Evidence that licensing will be an ineffective solution can be found in places that have tried it. Cities across North America, including Toronto, Houston, Los Angeles, Long Beach, and San Jose, have implemented and then repealed bike licensing laws. The city of Toronto studied the idea extensively and concluded that it is expensive, overly bureaucratic, and ineffective at changing behavior. Enforcement of bike licensing laws is known to be discriminatory. The City of New York should not adopt an idea that is proven to not work and to cause harm.

It is far more effective to focus on regulation and infrastructure. For example, creating public battery charging stations, partially funded by the multi-billion dollar companies that profit off these modes, protects everyone from dangerous battery fires. Mandating that companies distribute street-legal, speed-governed e-bikes with safe batteries to delivery workers gets thousands of illegal mopeds and motorcycles off the street. Installing protected bike lanes reduces speeding, as well as crashes, injuries, and fatalities for all road users. This can even change behavior for the better — the installation of protected bike lanes reduces cycling on sidewalks by as much as 94%. And the installation of on-street bike corrals reduces sidewalk riding and keeps sidewalks clear for pedestrians.

By regulating the delivery industry that currently profits off creating chaos on city streets, the City of New York can fund the cost of these changes, change the conditions under which delivery workers operate, change behavior, and save lives. 

Evidence of the power of regulating the delivery industry can be found in the City Council’s first-in-the-nation minimum wage requirement for delivery workers. Within a few weeks of its implementation, delivery workers who were no longer pressed into an impossible pace of work by an unlivable wage delivered at a slower, safer pace

However, this lone regulation cannot correct all the chaos that the delivery economy has caused.
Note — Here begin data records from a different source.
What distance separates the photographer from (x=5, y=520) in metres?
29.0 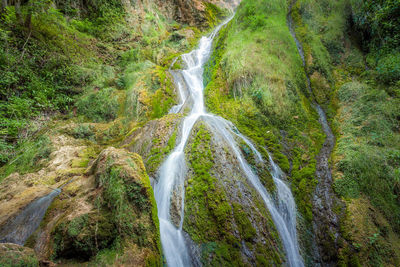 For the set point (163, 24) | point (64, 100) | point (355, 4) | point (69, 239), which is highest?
point (163, 24)

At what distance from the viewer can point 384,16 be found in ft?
27.0

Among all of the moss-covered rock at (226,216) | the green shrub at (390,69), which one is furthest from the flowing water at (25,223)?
the green shrub at (390,69)

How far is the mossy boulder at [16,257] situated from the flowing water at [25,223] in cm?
100

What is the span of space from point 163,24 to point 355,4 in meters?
→ 15.4

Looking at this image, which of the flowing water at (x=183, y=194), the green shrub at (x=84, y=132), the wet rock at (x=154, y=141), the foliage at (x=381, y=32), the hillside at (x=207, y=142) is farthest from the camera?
the foliage at (x=381, y=32)

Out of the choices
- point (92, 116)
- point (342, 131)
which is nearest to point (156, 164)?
point (92, 116)

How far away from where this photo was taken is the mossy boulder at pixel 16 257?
2.04 meters

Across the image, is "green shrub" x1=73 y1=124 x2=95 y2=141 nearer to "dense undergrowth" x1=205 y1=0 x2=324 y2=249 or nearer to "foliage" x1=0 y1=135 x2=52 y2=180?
"foliage" x1=0 y1=135 x2=52 y2=180

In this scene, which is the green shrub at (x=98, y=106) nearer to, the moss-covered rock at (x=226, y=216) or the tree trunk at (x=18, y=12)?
the tree trunk at (x=18, y=12)

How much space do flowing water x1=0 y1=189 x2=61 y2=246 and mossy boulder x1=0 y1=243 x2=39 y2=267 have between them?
100cm

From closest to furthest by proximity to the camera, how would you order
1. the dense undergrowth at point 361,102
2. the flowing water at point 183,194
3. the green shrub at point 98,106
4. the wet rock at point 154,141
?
the flowing water at point 183,194, the dense undergrowth at point 361,102, the wet rock at point 154,141, the green shrub at point 98,106

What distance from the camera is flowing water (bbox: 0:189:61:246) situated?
3082 millimetres

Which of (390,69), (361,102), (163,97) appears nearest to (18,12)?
(163,97)

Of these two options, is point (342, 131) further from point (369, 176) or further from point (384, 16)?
point (384, 16) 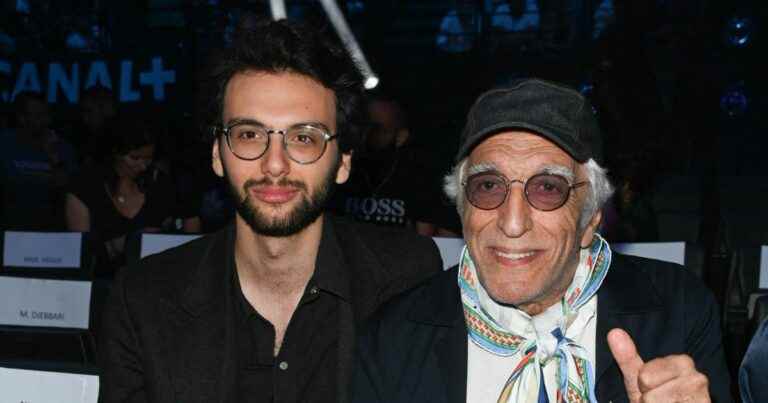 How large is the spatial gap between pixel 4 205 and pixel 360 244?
6.20 m

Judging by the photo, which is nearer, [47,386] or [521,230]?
[521,230]

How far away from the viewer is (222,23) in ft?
41.3

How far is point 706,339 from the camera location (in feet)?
8.66

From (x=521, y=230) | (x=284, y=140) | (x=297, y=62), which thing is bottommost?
(x=521, y=230)

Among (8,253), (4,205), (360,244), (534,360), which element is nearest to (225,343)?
(360,244)

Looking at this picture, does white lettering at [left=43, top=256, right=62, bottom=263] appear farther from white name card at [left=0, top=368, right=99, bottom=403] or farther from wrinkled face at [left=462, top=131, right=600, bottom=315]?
wrinkled face at [left=462, top=131, right=600, bottom=315]

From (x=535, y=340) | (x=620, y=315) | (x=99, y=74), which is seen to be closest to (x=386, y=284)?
(x=535, y=340)

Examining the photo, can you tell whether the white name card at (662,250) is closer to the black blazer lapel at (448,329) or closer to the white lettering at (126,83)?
the black blazer lapel at (448,329)

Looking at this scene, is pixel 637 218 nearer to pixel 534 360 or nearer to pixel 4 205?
pixel 534 360

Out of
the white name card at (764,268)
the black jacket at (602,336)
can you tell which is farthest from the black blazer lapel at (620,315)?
the white name card at (764,268)

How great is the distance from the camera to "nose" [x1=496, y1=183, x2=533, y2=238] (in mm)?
2516

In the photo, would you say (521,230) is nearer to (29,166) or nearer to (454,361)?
(454,361)

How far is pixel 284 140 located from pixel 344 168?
336 millimetres

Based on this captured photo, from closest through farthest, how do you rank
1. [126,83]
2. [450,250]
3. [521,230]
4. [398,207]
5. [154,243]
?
[521,230] < [154,243] < [450,250] < [398,207] < [126,83] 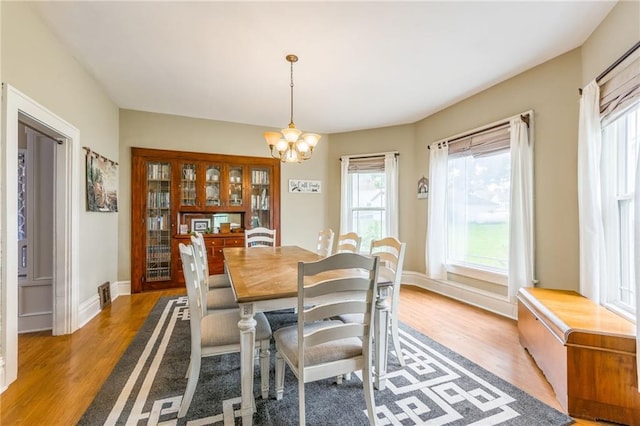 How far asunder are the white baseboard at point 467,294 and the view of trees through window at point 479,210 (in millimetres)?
328

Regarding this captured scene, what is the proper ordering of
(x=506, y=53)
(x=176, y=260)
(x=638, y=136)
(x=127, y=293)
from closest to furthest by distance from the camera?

Unsafe batteries, illegal mopeds, lack of insurance, wage theft, vehicle theft, traffic violence, overcrowding on streets, bridges, and in bike lanes, and other problems remain, and require comprehensive regulation to solve. 

Many Models for a Solution

It is common for the City of New York to regulate commercial business practices to protect New Yorkers and the public space they share. Cable companies are regulated into paying for the exclusive rights to dig up the street to lay their cables and commercial waste haulers are required to bid on access to geographic zones, limiting dangerous traffic. Pedicab, sightseeing bus, and horse-drawn carriage companies are all regulated to prevent a glut of any one on city streets and sidewalks. When it was revealed that dangerous labor practices at nail salons were threatening the health and safety of salon workers and customers, the City of New York regulated these workplaces, despite the non-employee status of many of the workers. 
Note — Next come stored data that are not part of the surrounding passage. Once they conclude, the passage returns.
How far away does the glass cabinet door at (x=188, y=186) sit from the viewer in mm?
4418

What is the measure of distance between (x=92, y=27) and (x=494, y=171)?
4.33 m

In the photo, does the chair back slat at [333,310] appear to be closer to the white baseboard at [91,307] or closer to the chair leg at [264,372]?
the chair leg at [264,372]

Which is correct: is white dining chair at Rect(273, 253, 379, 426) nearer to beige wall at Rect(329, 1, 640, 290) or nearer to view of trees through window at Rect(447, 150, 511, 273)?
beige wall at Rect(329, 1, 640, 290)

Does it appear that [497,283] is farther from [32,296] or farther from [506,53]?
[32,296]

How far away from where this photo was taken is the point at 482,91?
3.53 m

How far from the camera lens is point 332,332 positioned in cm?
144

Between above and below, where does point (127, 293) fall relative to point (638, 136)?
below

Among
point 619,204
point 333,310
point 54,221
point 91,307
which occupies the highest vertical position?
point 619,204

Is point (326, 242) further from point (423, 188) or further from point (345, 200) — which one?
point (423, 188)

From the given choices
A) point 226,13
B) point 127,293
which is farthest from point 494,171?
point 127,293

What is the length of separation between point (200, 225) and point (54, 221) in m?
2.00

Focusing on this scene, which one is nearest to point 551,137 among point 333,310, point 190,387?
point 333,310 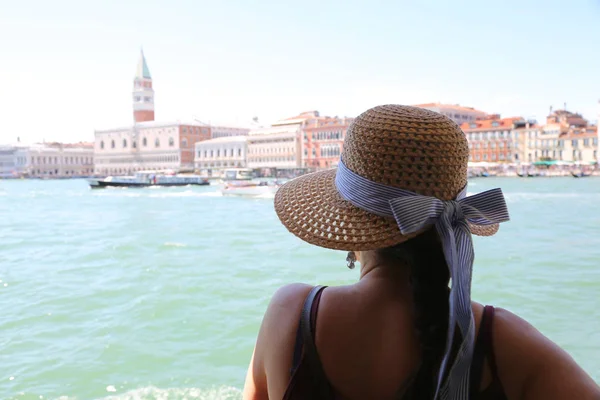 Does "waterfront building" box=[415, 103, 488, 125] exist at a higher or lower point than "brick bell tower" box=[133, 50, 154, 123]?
lower

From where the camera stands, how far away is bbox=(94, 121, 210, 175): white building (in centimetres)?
5197

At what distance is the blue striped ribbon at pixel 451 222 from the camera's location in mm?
606

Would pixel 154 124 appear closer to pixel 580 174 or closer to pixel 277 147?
pixel 277 147

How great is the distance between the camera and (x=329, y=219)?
0.67m

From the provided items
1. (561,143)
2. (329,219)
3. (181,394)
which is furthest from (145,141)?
(329,219)

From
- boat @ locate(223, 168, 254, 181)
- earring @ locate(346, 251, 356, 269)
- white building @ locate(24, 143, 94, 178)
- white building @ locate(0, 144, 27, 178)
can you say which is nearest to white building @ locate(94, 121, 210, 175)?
white building @ locate(24, 143, 94, 178)

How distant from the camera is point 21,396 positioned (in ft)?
8.95

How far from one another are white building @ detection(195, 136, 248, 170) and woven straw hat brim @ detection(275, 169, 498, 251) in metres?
48.6

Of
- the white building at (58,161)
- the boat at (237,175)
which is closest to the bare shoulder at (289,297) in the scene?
the boat at (237,175)

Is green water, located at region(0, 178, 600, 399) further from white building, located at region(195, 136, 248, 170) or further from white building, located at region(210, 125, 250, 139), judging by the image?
white building, located at region(210, 125, 250, 139)

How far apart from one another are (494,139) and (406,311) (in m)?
43.8

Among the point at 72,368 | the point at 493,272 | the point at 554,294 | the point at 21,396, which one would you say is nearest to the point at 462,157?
the point at 21,396

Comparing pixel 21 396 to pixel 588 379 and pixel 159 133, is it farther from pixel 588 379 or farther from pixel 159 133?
pixel 159 133

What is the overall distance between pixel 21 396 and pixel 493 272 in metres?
4.16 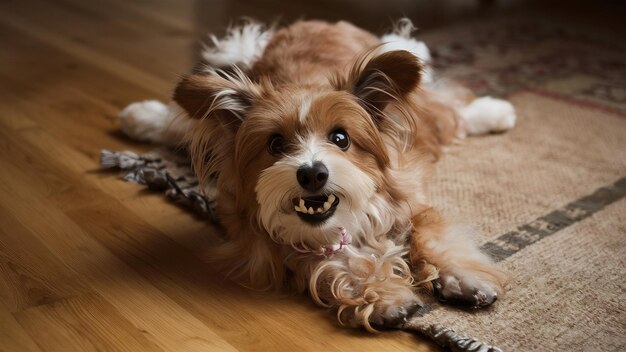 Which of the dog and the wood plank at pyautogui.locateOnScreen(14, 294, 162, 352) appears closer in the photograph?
the wood plank at pyautogui.locateOnScreen(14, 294, 162, 352)

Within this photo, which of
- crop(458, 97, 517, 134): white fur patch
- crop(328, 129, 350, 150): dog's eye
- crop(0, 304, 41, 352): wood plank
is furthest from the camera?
crop(458, 97, 517, 134): white fur patch

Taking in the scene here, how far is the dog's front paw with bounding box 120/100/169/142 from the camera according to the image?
3.31m

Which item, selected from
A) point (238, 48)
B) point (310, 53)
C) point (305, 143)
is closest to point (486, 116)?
point (310, 53)

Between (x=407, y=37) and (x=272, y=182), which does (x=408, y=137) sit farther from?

Today, the TLC controls the working conditions of an Uber driver but when that same driver switches their app to work for Uber Eats, they are no longer protected.

In perhaps the most direct example, after Silicon Valley launched Uber, Lyft and other rideshare ventures, and wreaked havoc on New York City’s streets by financially pressuring workers to complete as many trips as quickly as possible, the City of New York expanded the Taxi and Limousine Commission (TLC) to regulate the industry and provide protections for for-hire vehicle drivers. However, today, the TLC controls the working conditions of an Uber driver but when that same driver switches their app to work for Uber Eats, they are no longer protected.

In all of these examples, regulators charge the profiting company for access to the city as a market. In many cases, those charges are used to fund the regulatory process and counter the harm that the business practice may cause. These examples can be a model for the City of New York to regulate the delivery industry as part of an overall street safety strategy that includes infrastructure investments and automated enforcement.